Significance level is set at 5 × 10⁻⁸

Note that the Armitage trend test (ATT), also called Cochran-Armitage trend test (CATT) by many researchers, has good power only when the disease risk of the genotypes AA, Aa, aa is monotone increasing or decreasing under the alternative hypothesis (Armitage, 1955; Freidlin et al., 2002). Thus, ATT can have very low power when there is a violation of a linear trend in the disease risk across the ordered genotypes AA, Aa and aa, as in the case of both set-ups #3 and #5 in Table 3.
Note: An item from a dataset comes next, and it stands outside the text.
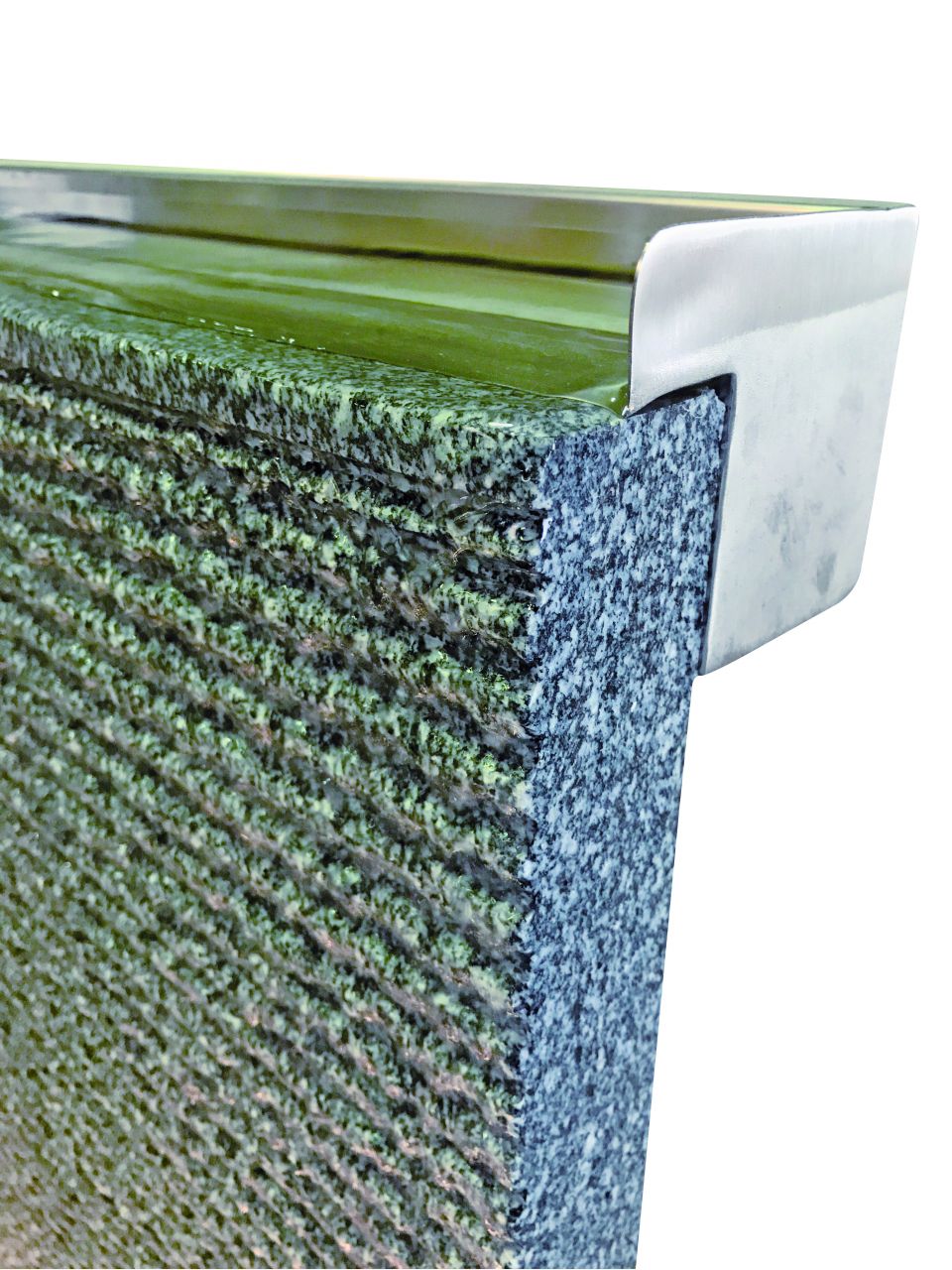 Granit Taco geriffelt Wasserfall 200x50 Komplett Set inkl. Edelstahlwanne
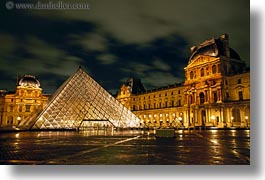 buildings, europe, france, glasses, horizontal, louvre, materials, nite, paris, pyramids, structures, photograph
It is clear from the power simulations across the multiple simulation set-ups that the LRT can be much more powerful than the commonly used Armitage trend test (ATT) and the $χ_{2}^{2}$ test in GWAS in the presence of genetic heterogeneity.

A Breast Cancer GWAS

Breast cancer is the most common cancer among women. Many genes on different chromosomes that underlie breast cancer have been identified including many well-known studies conducted two decades ago (Hall et al., 1990; Wooster et al., 1994). Many more genetic variants underlying breast cancer are still being discovered nowadays, thus there is little doubt about the existence of genetic heterogeneity in the case of breast cancer. For illustration, we applied the newly proposed likelihood ratio test to a breast cancer GWAS dataset. In particular, Turnbull et al. (2010) conducted a genome-wide association study to identify breast cancer susceptibility alleles. They studied 582886 SNPs in 3659 breast cancer cases and 4897 controls in the first stage, and evaluated promising SNPs that were identified in Stage 1 in a second stage with 12576 cases and 12223 controls. In the paper they reported five new susceptibility SNPs with summary genotype data of the five SNPs made publicly available. A literature search indicates that four of the five SNPs (rs1011970, rs10995190, rs704010 and rs614367) have been independently confirmed by other studies since the publication of their GWAS results in 2010 (Lambrechts et al., 2012; Peng et al., 2011). We evaluated the p-values of the LRT, Armitage trend test (ATT) and $χ_{2}^{2}$ test for these four SNPs for comparison. The results are summarized in Table 5.

Table 5.

Comparison of P-values for the four SNPs reported in Turnbull et al. (2010).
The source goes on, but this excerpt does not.